Tuesday, January 27, 2009

"I'D GLADLY PAY YOU TUESDAY FOR A...."

A young couple attended an open house I was hosting recently and they handed me an offer they had prepared for the purchase of the home. Their offer was substantially lower than the fair market value of this beautiful property (tantamount to offering the price of a hamburger at a fast food drive through in order to purchase a complete filet mignon dinner at the Ritz) and they wanted me to know how they arrived at the figure.

In support of their market analysis, they had downloaded material from one of the many internet sites that have exploded through cyberspace with real estate public data strewn in all directions for the "convenience" of the general public to explore and interpret as factual.
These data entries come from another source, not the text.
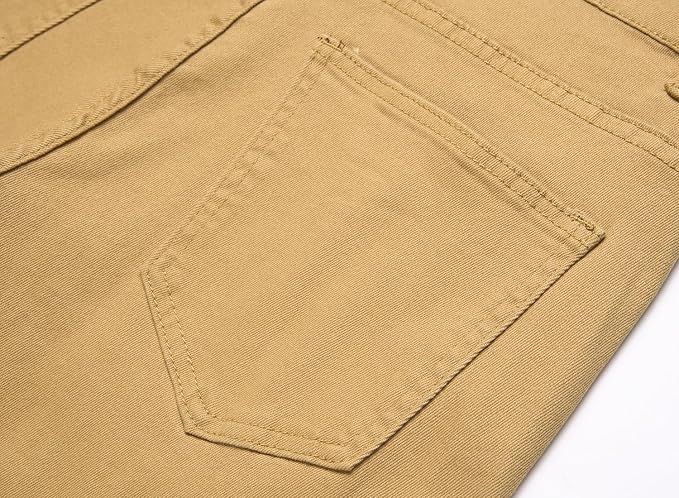 Ripped Khaki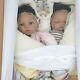 Posable Ashton Drake Dolls So Truly Real Baby Twins Jada & Jayden Waltraud Hanl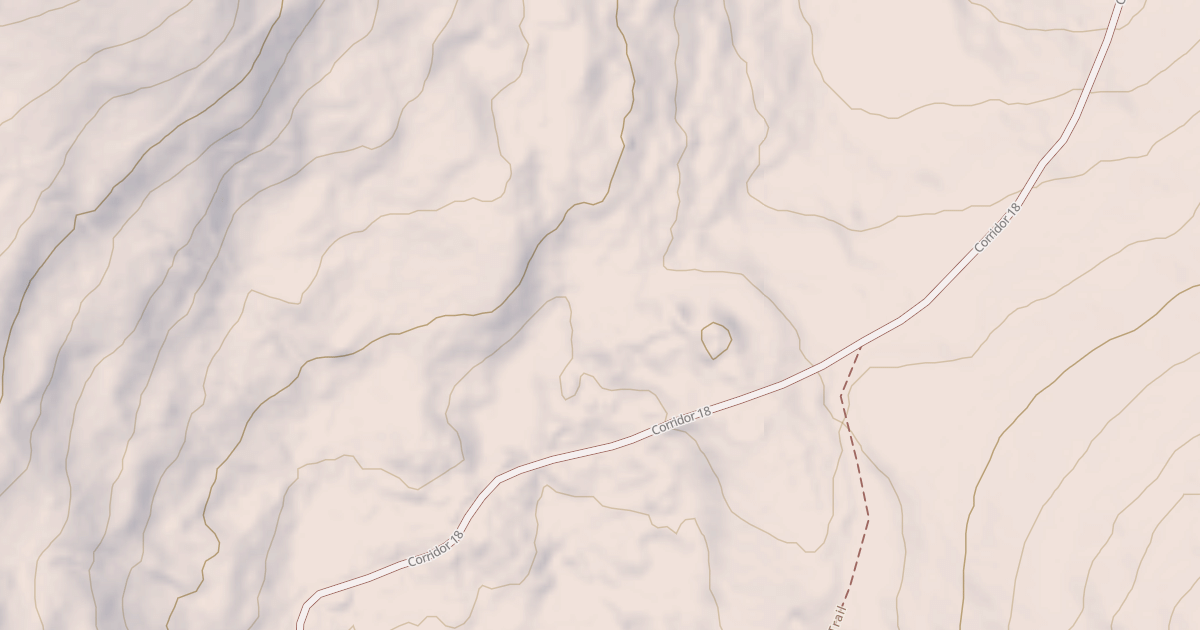 Map preview of Corridor 18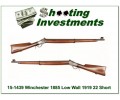  Winchester 1885 Low Wall 22 Short Musket 1919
They pointed to columns of figures and addresses of properties that had been on the market and that had sold. They took the original list prices of the homes and subtracted that figure from the actual sale prices of the homes and they used that same computation to arrive at the hamburger price they intended for the purchase of the filet mignon.

It does not work that way. As long as a home is overpriced, it will sit until it grows cold or until it is reduced to what is the fair market price for that home. There are columns of overpriced homes still on the market. Allhomes on the market are in the "column" we can refer to as "the wish list". That original "wish" to realize more equity than the market will bear, will never materialize. Homes that have been correctly priced for the market will beat the closing table within a predictable and reasonable period of time. Homes that have sold are the market and they are the only homes that should be used to compare with the value of any other home.
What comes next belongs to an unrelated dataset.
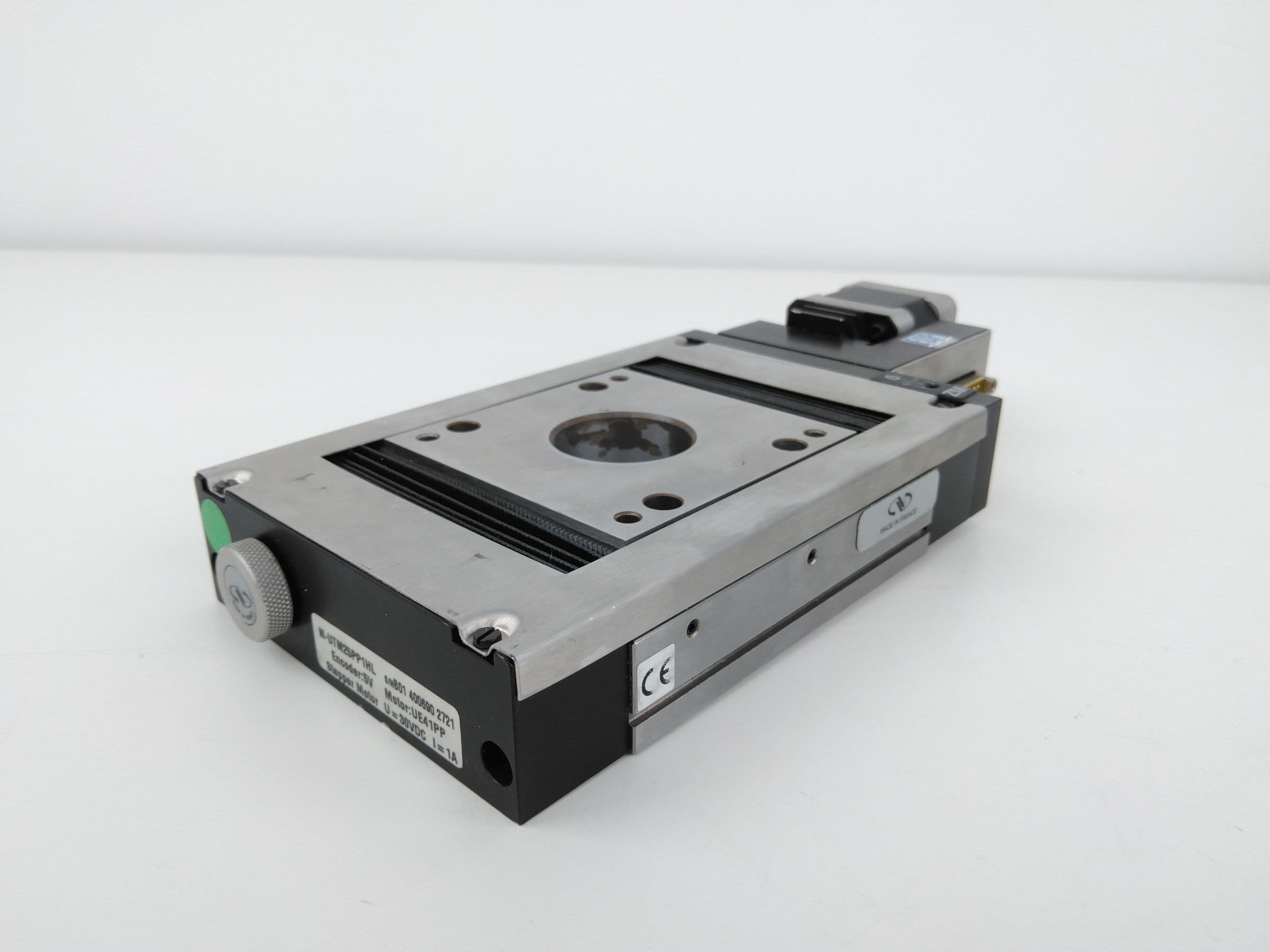 Newport UTM25PP1HL Motorized Linear Stage w/ Motor & Encoder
The records we REALTORS track in the market demonstrate that properties are being priced more realistically and as such, they are coming to closing sooner. The buyers are back.

The young couple with the unrealistic offer is not alone. There are many buyers who continue to approach properties that are far out of their price range and they are often armed with the false notion that "all sellers are desperate". We who practice real estate and really love what we do as REALTORS, recognize that although there are some circumstances where a buyer may come upon a "steal", it is the exception and not the rule. These ill informed buyers appear surprised when the sellers, whose properties have been priced correctly, reject their offers.
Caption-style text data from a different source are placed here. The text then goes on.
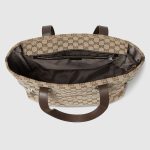 Gucci canvas large tote bag - Image 5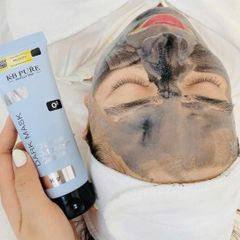 [Hàng Công Ty] Mặt Nạ Than Tre KP Pure Dark Mask Detox Da cấp 02 và trao đổi sinh học 90gr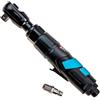 Stix Automotive Equipment Chiave pneumatica a cricchetto - Potenza di serraggio 102Nm - Pressione massima 6Bar - Chiave dell'auto - presa d'aria da 1/4 di pollice - Dimensione del gambo 1/2 pollice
The market in which we are working today is in every way a normal market. The frenzy of the sellers' market has run though its normal cycle and has come full circle through the buyers' market to where we are today....experiencing normalization and stability.

Buyers and sellers need each other. In fact, they become each other often and in doing so they can appreciate how it feels to be each other. It is often the case that we REALTORS work with both buyers and sellers, so we understand the perspective of both at any given time. If we take a step back and take a look at the whole picture, it comes down to doing what's best for our families and our selves with such an enormous undertaking as the purchase or sale of our largest asset.